* **Prompt**: Find the line with "Peter Max Signed" in the entries below, then reproduce it and every line after it down to and including the line with "aooshine Navy Blue", exactly.

* **Data section**:
##########

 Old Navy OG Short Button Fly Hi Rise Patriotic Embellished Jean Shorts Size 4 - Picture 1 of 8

##########

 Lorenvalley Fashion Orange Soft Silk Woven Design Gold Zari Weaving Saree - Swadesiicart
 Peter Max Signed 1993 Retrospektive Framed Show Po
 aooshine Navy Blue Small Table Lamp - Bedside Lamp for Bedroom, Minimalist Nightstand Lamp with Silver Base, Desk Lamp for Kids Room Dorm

##########

* **Exercise response**:
 Peter Max Signed 1993 Retrospektive Framed Show Po
 aooshine Navy Blue Small Table Lamp - Bedside Lamp for Bedroom, Minimalist Nightstand Lamp with Silver Base, Desk Lamp for Kids Room Dorm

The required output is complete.